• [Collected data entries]
═══

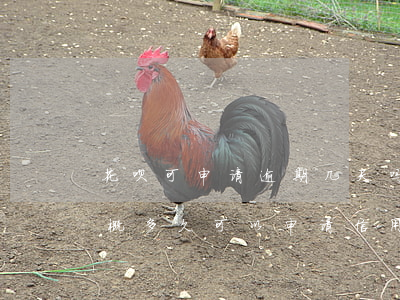 花呗可申请逾期几天吗(花呗逾期半年还完大概多久可以申请信用卡)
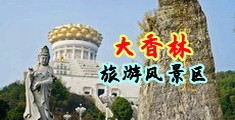 jj日逼网站中国浙江-绍兴大香林旅游风景区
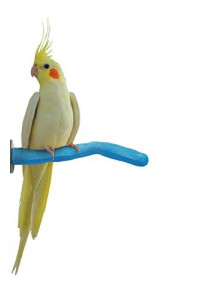 Sweet Feet and Beak Safety Pumice Perch Bird Toy - Trims Nails and Beak - Promotes Healthy Feet - Safe Non-Toxic Bird Supplies for Bird Cages - X-Small 5.25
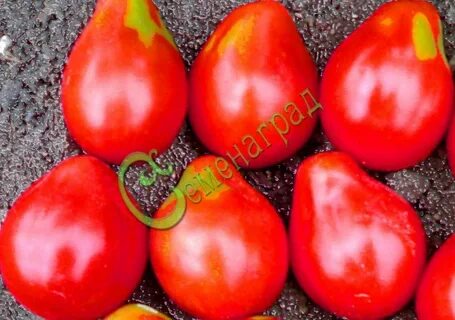Характеристика томата инжир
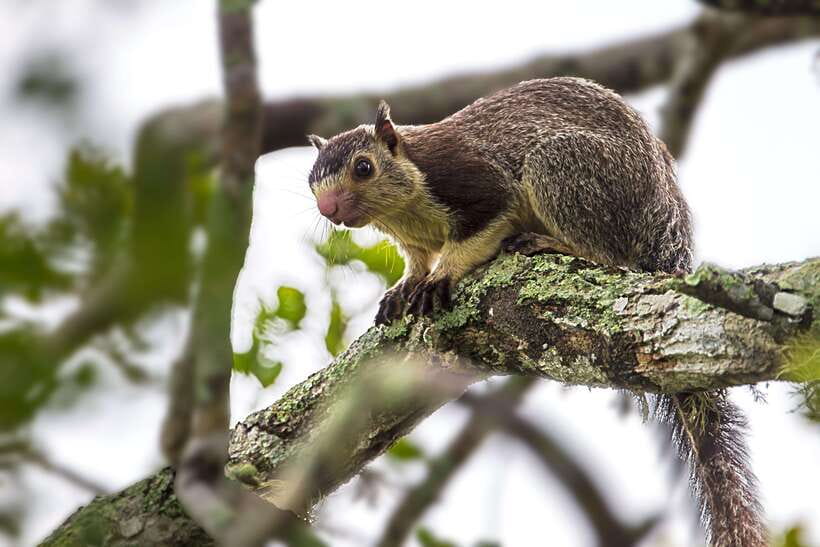 Galle/Mirissa/Tangalle: Transfer to Ella & Yala Safari - After Yala, continue toward Ella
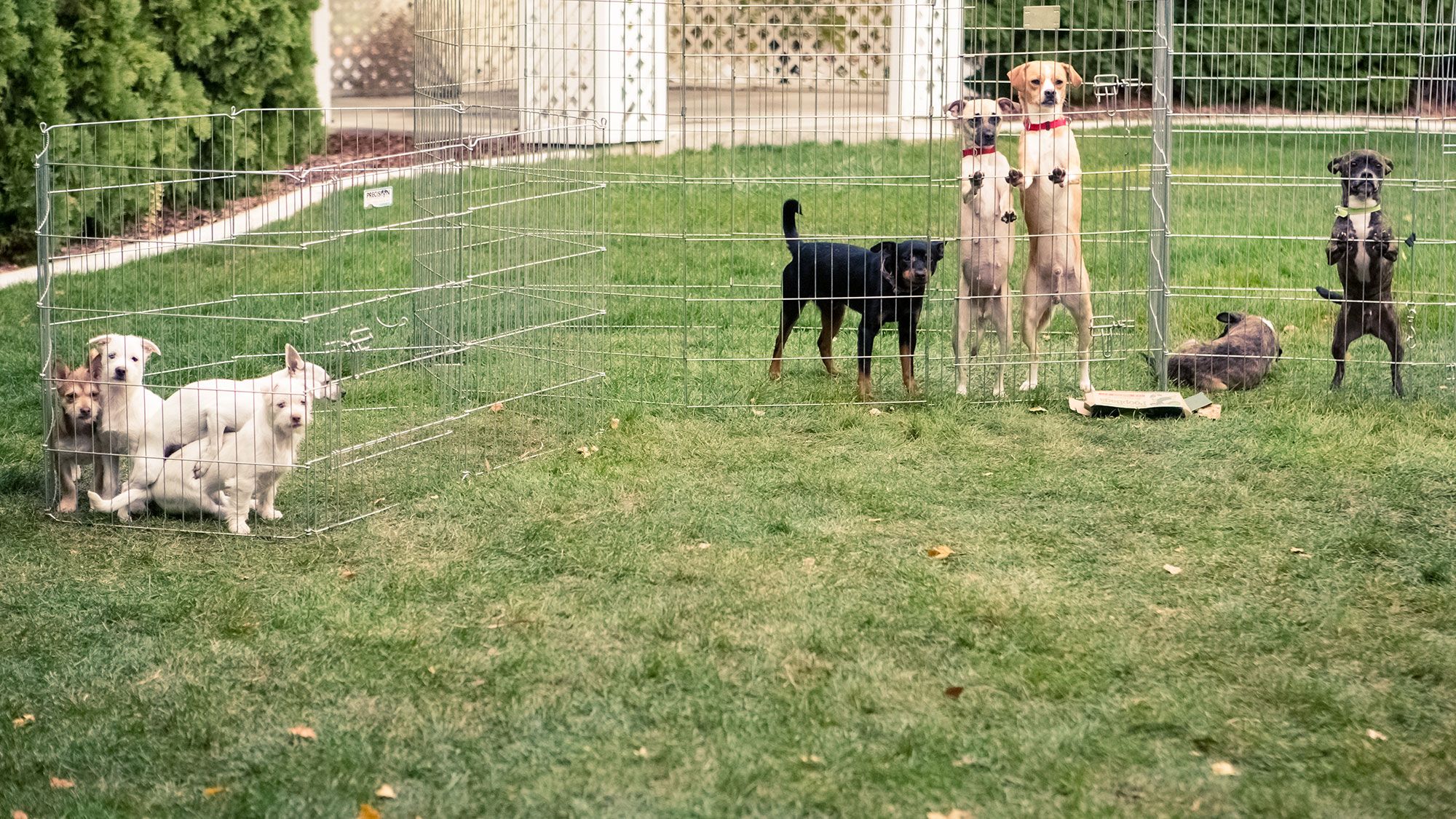 Dogs play in safe outdoor caged spaces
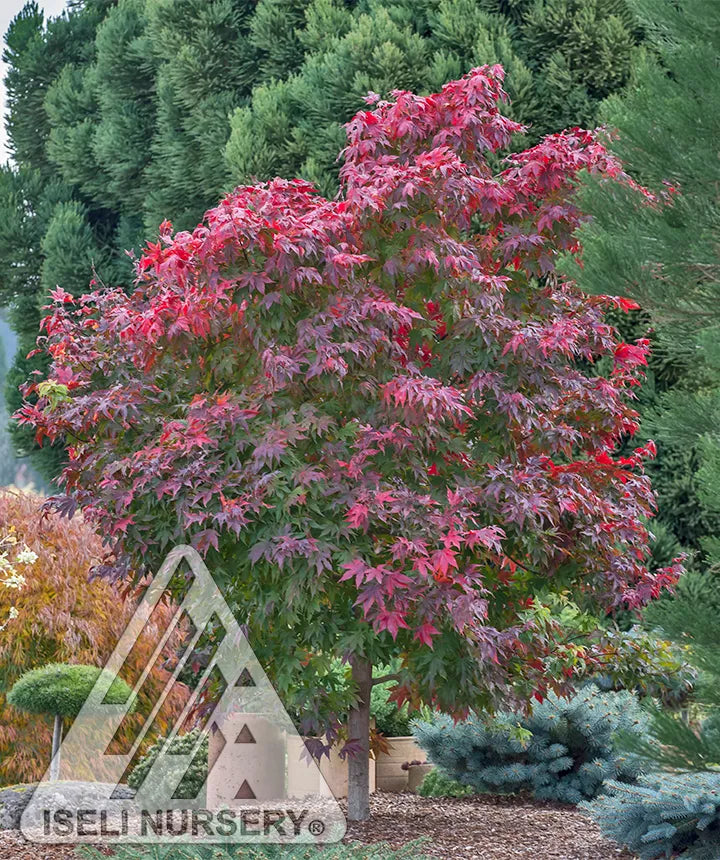 FINAL FIRE JAPANESE MAPLE
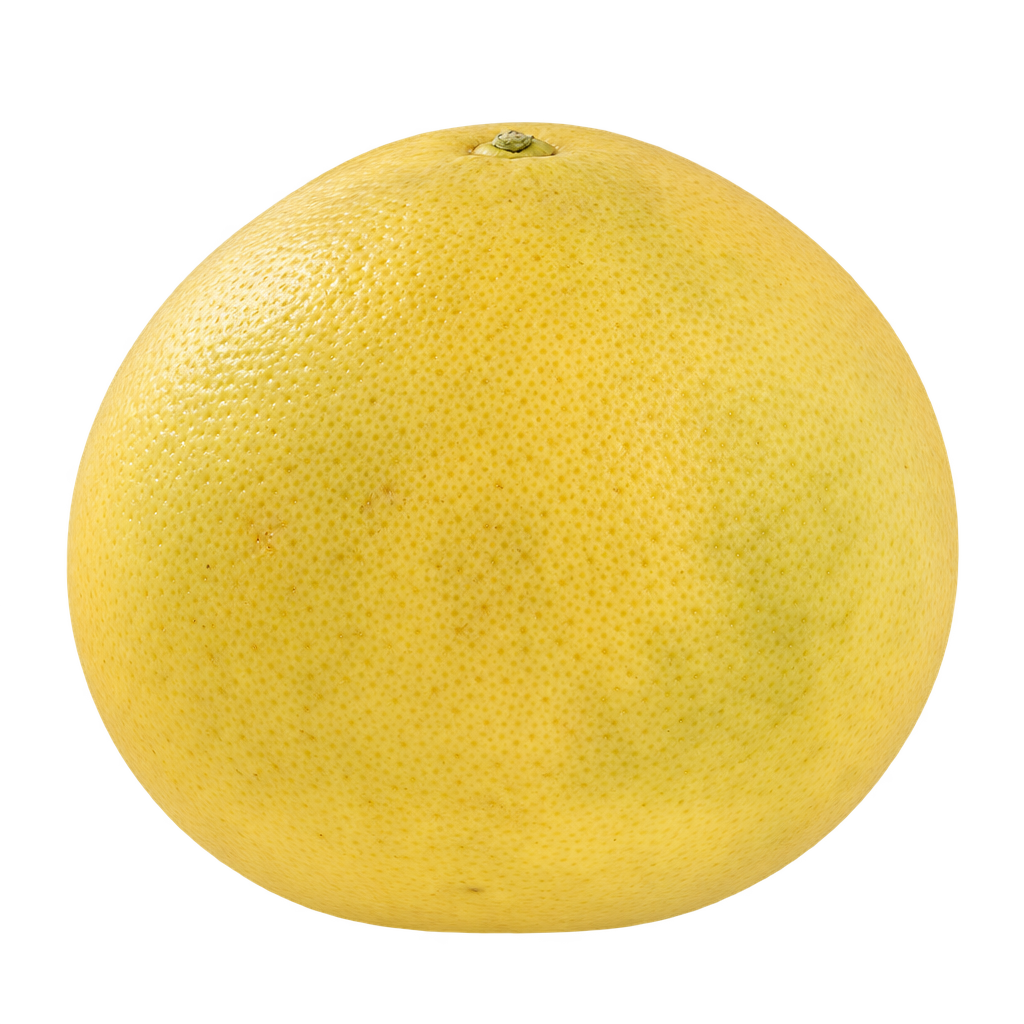 Generated Thompson grapefruit depiction with a broad rounded shape and finely pitted pale yellow rind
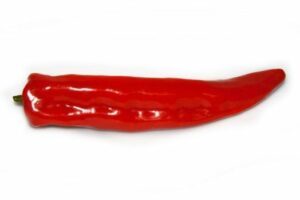 SelfDelve Aubergine / Eggplant girthy silicone dildo review 1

═══

• [Assignment]
Output exactly and only the lines from the line containing "Galle/Mirissa/Tangalle: Transfer to" to the end of the entries, both included, and omit every picture.

• [Exercise output]
 Galle/Mirissa/Tangalle: Transfer to Ella & Yala Safari - After Yala, continue toward Ella
 Dogs play in safe outdoor caged spaces
 FINAL FIRE JAPANESE MAPLE
 Generated Thompson grapefruit depiction with a broad rounded shape and finely pitted pale yellow rind
 SelfDelve Aubergine / Eggplant girthy silicone dildo review 1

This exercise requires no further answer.